*** Opening of Input ***

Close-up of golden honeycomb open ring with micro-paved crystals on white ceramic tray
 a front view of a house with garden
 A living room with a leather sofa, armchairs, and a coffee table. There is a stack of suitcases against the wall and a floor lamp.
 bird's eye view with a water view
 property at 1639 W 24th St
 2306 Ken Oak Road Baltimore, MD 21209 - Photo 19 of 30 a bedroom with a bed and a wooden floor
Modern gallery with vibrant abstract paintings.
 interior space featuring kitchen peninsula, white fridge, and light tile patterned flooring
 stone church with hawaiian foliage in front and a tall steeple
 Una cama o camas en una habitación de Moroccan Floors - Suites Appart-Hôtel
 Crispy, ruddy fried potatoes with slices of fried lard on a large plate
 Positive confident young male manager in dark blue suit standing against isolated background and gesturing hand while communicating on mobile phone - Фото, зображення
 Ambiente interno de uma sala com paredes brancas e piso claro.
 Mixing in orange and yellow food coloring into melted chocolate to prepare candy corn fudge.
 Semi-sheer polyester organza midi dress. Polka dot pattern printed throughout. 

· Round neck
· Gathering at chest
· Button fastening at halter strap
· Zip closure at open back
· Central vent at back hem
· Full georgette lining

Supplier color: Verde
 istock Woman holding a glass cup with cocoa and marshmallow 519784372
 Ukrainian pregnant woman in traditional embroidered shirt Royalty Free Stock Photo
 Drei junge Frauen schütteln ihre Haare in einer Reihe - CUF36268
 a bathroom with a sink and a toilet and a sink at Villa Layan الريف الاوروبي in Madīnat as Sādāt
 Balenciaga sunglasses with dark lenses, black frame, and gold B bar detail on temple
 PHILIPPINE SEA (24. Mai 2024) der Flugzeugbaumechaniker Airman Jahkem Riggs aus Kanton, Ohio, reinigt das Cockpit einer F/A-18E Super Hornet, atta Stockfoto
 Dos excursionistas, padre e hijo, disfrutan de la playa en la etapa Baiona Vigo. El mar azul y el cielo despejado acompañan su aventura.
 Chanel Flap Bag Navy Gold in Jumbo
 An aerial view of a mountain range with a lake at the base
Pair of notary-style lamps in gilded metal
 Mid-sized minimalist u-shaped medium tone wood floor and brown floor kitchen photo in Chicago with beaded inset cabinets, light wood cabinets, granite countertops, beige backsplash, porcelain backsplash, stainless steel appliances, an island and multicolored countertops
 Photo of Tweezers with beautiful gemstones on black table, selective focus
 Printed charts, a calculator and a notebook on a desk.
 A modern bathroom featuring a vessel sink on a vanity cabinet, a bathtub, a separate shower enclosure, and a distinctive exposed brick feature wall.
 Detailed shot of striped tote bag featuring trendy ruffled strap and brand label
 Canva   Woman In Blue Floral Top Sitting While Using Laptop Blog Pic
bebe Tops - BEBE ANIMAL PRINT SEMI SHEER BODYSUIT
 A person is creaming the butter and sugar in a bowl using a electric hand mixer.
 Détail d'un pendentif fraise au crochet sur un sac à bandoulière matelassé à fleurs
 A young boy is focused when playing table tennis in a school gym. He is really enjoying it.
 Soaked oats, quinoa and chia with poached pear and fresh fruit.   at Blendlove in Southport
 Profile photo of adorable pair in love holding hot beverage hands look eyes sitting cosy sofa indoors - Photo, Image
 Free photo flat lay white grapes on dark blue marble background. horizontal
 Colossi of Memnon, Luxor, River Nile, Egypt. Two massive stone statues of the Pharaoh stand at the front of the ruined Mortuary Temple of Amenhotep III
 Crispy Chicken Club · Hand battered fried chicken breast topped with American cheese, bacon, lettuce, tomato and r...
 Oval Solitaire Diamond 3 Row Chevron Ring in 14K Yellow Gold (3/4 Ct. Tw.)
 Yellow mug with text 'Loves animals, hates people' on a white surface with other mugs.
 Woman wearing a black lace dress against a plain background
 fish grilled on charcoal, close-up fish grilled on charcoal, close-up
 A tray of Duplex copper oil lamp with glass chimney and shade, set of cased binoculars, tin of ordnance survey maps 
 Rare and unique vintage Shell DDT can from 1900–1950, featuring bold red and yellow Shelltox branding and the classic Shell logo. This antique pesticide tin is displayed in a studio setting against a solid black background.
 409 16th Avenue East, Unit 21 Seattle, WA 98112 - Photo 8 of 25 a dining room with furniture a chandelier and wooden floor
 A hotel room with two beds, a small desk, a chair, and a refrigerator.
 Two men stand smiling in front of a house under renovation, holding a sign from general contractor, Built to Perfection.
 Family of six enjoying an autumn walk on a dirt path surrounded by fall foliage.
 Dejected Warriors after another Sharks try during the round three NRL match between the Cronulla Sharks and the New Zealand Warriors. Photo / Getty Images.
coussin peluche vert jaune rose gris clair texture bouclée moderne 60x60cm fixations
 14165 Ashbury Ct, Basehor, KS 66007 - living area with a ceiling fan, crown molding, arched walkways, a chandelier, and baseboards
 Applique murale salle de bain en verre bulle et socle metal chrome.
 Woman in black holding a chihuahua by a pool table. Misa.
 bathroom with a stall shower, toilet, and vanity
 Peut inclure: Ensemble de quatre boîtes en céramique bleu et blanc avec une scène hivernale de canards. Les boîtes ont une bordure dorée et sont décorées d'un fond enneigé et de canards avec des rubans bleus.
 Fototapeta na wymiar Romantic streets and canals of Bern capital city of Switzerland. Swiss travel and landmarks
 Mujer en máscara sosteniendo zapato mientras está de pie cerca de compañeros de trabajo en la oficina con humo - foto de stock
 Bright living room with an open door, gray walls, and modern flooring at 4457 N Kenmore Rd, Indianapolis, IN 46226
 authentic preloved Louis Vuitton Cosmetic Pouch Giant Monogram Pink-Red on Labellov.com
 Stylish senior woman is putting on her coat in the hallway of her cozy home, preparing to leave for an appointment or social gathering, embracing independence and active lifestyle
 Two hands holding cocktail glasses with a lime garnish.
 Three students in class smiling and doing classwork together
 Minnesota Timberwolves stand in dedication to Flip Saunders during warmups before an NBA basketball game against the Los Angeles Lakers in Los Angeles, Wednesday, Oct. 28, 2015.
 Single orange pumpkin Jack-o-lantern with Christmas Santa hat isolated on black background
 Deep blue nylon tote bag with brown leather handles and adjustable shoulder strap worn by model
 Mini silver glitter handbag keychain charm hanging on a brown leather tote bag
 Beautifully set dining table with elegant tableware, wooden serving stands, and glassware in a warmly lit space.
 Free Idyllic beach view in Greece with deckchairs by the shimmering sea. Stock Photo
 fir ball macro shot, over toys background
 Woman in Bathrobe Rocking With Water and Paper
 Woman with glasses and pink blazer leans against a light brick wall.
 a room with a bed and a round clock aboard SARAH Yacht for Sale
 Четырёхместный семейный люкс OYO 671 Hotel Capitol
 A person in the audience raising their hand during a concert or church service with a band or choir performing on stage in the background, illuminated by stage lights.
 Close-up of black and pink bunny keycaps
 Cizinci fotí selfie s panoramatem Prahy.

*** Close of Input ***

# Task requirements:
From the records above, copy out the line with "a bathroom with", the line with "Profile photo of", and every line between them, word for word.

# Output below:
 a bathroom with a sink and a toilet and a sink at Villa Layan الريف الاوروبي in Madīnat as Sādāt
 Balenciaga sunglasses with dark lenses, black frame, and gold B bar detail on temple
 PHILIPPINE SEA (24. Mai 2024) der Flugzeugbaumechaniker Airman Jahkem Riggs aus Kanton, Ohio, reinigt das Cockpit einer F/A-18E Super Hornet, atta Stockfoto
 Dos excursionistas, padre e hijo, disfrutan de la playa en la etapa Baiona Vigo. El mar azul y el cielo despejado acompañan su aventura.
 Chanel Flap Bag Navy Gold in Jumbo
 An aerial view of a mountain range with a lake at the base
Pair of notary-style lamps in gilded metal
 Mid-sized minimalist u-shaped medium tone wood floor and brown floor kitchen photo in Chicago with beaded inset cabinets, light wood cabinets, granite countertops, beige backsplash, porcelain backsplash, stainless steel appliances, an island and multicolored countertops
 Photo of Tweezers with beautiful gemstones on black table, selective focus
 Printed charts, a calculator and a notebook on a desk.
 A modern bathroom featuring a vessel sink on a vanity cabinet, a bathtub, a separate shower enclosure, and a distinctive exposed brick feature wall.
 Detailed shot of striped tote bag featuring trendy ruffled strap and brand label
 Canva   Woman In Blue Floral Top Sitting While Using Laptop Blog Pic
bebe Tops - BEBE ANIMAL PRINT SEMI SHEER BODYSUIT
 A person is creaming the butter and sugar in a bowl using a electric hand mixer.
 Détail d'un pendentif fraise au crochet sur un sac à bandoulière matelassé à fleurs
 A young boy is focused when playing table tennis in a school gym. He is really enjoying it.
 Soaked oats, quinoa and chia with poached pear and fresh fruit.   at Blendlove in Southport
 Profile photo of adorable pair in love holding hot beverage hands look eyes sitting cosy sofa indoors - Photo, Image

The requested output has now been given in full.